今は余計なことだが

人権法の記事は結局完結させられなくて、それにもやはり書かなかった理由というのがあるのだけれど、もう一つ書かなければならなかったことはあったのだと思い出した。



他国で展開された日本人の物語というのがあって、それは日本人の体感として残っていかなければならないものだろうと思う。この物語という感覚は、大事だとわかる人にはわかるが、世代が下ると個々は理解しても流れとしてはちょっと辛いものがある。



具体的な国の名前は出さないけれど、近代にあった大量虐殺に関して、被虐殺側の民族の監督の撮った映画を見たことがある。
私はその件についてほとんど無知だったし、当時の証拠というものがほとんど残っておらず、記憶を証言に頼らなければいけない以上、彼ら自身の体感と言葉を聞きたいと思ったからだ。
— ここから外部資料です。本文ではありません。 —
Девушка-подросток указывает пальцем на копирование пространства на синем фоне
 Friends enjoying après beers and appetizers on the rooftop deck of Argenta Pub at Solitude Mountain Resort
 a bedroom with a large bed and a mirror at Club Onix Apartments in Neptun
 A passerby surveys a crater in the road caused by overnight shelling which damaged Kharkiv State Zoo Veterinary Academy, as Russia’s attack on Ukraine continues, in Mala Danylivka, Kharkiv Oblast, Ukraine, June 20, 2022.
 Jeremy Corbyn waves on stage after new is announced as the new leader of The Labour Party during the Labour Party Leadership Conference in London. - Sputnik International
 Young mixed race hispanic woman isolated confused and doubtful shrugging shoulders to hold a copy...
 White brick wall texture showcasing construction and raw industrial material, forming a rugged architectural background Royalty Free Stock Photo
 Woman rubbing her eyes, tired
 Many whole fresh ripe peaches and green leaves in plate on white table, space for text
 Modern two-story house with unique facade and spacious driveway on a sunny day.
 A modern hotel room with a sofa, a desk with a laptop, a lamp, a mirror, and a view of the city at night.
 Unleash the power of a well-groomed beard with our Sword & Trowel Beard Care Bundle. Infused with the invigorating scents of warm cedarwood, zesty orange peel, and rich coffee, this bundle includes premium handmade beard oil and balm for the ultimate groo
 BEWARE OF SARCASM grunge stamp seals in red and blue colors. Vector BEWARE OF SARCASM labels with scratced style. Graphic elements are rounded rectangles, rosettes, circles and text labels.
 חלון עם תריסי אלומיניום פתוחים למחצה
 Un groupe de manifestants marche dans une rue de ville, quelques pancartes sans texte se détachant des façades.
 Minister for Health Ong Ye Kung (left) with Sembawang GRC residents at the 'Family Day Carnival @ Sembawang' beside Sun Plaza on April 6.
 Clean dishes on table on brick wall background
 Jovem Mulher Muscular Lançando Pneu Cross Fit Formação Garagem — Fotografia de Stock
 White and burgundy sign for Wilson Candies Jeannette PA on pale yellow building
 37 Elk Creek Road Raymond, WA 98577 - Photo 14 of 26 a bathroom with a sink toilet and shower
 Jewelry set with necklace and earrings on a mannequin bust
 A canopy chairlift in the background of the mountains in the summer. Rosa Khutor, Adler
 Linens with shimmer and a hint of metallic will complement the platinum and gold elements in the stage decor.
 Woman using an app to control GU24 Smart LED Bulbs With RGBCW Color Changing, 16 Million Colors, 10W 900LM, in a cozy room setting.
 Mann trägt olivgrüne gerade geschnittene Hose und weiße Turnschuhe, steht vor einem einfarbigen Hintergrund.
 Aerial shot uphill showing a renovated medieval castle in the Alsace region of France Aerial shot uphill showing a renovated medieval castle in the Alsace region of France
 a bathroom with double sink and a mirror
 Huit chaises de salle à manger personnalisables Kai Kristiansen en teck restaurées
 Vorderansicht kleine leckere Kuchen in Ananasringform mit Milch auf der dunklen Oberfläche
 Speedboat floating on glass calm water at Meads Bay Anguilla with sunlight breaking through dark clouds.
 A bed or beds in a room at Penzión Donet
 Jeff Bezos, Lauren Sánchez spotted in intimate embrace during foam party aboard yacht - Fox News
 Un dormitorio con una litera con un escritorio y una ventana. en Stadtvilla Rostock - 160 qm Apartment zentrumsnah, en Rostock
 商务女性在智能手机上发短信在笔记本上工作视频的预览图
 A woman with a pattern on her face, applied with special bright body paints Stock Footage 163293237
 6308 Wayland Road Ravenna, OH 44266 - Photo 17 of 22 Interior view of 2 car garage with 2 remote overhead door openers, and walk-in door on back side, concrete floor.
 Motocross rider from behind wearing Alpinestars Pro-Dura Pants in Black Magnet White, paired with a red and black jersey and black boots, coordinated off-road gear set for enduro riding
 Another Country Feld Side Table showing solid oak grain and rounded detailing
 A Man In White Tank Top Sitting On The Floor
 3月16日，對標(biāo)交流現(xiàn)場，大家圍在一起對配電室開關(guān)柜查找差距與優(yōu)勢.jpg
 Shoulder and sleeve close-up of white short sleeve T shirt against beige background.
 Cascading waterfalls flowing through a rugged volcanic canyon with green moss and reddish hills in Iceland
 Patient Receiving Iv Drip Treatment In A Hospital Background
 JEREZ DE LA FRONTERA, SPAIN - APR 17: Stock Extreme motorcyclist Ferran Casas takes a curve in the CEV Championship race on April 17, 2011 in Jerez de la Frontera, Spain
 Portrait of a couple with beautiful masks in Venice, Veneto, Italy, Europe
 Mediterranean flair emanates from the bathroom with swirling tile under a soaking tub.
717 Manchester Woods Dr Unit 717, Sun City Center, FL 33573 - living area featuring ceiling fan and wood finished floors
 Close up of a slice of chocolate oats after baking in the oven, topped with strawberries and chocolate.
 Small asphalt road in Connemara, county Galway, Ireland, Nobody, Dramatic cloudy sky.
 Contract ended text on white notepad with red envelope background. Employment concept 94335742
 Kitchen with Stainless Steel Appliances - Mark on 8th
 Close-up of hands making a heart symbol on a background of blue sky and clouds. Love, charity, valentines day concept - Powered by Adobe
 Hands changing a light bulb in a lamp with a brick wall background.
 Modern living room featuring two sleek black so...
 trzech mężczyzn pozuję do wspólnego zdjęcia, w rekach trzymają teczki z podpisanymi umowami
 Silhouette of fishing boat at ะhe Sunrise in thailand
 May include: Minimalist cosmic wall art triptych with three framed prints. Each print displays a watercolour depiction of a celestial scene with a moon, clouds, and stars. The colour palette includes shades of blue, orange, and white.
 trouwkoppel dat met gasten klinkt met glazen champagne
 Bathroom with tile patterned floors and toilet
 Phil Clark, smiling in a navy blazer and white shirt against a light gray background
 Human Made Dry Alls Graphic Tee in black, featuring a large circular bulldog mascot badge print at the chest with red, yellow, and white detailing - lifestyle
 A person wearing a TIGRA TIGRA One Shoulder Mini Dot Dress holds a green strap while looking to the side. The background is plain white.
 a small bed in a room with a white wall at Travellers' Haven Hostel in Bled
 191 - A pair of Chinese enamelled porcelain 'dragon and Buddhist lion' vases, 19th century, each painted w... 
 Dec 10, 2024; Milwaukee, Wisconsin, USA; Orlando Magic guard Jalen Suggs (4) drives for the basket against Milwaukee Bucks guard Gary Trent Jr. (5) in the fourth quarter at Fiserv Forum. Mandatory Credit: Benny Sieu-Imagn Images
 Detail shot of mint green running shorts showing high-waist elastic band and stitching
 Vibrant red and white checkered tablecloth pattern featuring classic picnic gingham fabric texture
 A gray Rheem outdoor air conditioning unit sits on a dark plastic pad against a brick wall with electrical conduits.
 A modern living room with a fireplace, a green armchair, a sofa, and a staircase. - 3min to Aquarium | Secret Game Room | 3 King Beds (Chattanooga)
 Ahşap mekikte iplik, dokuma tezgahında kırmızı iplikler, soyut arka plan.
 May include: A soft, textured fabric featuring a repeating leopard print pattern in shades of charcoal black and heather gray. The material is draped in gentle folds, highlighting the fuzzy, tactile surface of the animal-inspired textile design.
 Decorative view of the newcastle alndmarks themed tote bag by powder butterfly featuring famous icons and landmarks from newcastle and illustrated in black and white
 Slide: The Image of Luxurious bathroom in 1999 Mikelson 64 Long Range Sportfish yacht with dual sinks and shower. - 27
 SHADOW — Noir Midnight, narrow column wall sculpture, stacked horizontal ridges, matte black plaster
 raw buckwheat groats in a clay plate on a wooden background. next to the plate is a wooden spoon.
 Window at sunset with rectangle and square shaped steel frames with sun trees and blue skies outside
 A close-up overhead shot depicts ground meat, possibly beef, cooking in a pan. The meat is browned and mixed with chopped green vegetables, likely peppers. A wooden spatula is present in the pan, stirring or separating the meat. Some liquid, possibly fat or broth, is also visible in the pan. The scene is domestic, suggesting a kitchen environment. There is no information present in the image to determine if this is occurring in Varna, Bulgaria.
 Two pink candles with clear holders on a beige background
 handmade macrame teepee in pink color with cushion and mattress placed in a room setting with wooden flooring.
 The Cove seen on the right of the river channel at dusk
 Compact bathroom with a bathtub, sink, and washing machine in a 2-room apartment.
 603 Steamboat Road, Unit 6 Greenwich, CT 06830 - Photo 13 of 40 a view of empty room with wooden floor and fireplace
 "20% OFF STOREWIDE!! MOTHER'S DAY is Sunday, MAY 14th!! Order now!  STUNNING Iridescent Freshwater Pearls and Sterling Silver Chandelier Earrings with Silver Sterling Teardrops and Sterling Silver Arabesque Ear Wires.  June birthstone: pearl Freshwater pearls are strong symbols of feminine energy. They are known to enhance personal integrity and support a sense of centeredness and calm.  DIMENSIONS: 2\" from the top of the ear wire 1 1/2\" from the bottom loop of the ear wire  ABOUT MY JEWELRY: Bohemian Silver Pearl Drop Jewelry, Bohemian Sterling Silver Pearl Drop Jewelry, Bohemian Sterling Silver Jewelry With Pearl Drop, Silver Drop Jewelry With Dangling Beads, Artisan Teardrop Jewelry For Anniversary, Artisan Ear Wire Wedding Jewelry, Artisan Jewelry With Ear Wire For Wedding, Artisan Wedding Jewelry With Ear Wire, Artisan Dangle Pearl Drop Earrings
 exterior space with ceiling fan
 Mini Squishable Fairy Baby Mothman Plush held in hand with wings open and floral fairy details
結果その映画を観て何を感じたのかと言えば、物語は既に絶えてしまったのだろうということだった。
まだ若いその監督が描き切れなかっただけなのかもしれないが、私にはその体感は伝わってこなかった。



物語の断絶というものはその民族の死というものに等しいし、けれど実際にはどの国でもどの民族に於いても物語のすり替えというのは行われていて、その幻影を足の下に置いて我々は生きている。
民族という括り、言葉に私自身抜きがたいアレルギーがあるが、今は他に適当な表現が見つからない。


イデオロギーもしくは若さはその幻影からの解放を目指すものであって、それはそうあるべきだし非常によくわかるのだけれど、一方で表面的なナショナリズムイデオロギーはまさにそのすり替えた物語に依存する。


ある人物の表現を借りればそれは歴史の感覚ということなのだろうし、けれどそれは現在進行形のものでもあって、物語の感覚というのは大衆の記憶として理知として、水脈のように受け継がれていく。



思い切って言えば、某団体は彼ら自身の物語をさまざまな意味で阻害しているし、また同じ血が流れていながら過去から現在にかけて展開される悲劇について大きな声を上げようとしない人々を、私は根本のところで信用しない。


しかし私には彼らの物語は語れず、それゆえに最後のエントリーを書けなかった。



このエントリーは、今はこのブログで書くに適当な時期ではないし、冒頭に述べたことについてきちんと書かなければ結局意味はない。国と国との関わりまで話をのばしていけば、そこまで文章にするのかという思いもある。


この文章は、もっと後になってもう少し違う形で読まれればいいのだろうと思う。